Theodora Friscia, a retired nurse, is one of those helped by the Mennonites. Her tiny 1920s bungalow in Midland Beach was nearly destroyed.

“It was an absolute shell,” she said. “I lost everything. Twelve feet of water we had here. I would have had to hire privately and it would have eaten up my pension. And that money I needed to save for when I’m 80 years old. I have no one to fall back on.”

Winston Penner, 72, of Manitoba, Canada, was one of the long-term volunteers who helped fix Ms. Friscia’s home. He worked on her plumbing and electrical work, and replaced the house’s siding.
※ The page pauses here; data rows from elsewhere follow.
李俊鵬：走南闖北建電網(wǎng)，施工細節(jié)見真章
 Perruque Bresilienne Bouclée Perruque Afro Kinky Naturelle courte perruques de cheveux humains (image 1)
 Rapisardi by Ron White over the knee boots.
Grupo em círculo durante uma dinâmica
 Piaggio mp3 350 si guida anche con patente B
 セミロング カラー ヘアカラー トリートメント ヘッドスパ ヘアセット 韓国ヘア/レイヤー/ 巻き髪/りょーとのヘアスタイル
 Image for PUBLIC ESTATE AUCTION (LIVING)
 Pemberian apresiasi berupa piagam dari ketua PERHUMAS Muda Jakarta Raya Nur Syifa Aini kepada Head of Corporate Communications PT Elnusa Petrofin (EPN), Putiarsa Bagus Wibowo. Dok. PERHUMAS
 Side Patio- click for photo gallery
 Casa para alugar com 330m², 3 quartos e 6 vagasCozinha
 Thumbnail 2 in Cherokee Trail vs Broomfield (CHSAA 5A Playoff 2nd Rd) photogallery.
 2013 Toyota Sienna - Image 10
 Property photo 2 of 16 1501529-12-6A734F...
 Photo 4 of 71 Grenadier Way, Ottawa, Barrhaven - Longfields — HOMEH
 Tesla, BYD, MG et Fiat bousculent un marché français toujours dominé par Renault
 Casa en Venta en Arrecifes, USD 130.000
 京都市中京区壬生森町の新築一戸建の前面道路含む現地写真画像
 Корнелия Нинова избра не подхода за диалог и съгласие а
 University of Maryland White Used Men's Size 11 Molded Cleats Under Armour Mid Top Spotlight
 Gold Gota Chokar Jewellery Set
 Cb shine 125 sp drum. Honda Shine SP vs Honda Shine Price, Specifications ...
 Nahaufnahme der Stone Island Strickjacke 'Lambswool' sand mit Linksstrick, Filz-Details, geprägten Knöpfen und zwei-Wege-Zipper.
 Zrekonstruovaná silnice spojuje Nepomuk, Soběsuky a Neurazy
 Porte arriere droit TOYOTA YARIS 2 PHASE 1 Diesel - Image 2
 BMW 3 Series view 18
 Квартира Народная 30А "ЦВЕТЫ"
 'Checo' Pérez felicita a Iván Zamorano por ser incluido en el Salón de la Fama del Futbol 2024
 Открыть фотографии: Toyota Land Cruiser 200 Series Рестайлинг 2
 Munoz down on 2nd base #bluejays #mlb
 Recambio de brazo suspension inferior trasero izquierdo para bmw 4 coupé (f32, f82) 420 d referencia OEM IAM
“I’m not saying we work harder than any other carpenters, but when people are grateful like Thea, it makes it more rewarding,” Mr. Penner said. “It’s just for the joy of helping people out who are in need.”

During the warm months, the Pennsylvania volunteers who live on farms have mostly stayed home to tend the fields, but the temporary housing has allowed more modern Mennonites, not tied to the fields, to come in from farther away. When this year’s harvest is in, around the anniversary of Hurricane Sandy, more Amish and Old Order Mennonites will rejoin the rebuilding efforts. This time, they will have a place to stay.

The disaster service has committed to fixing 50 more homes on Staten Island before April. Beyond that, Mr. Smith said he did not see the Mennonites leaving New York anytime soon.

“Long term, you’re looking at anywhere between two to five years here,” he said. “And it doesn’t begin to cover it all. We get more calls every day.”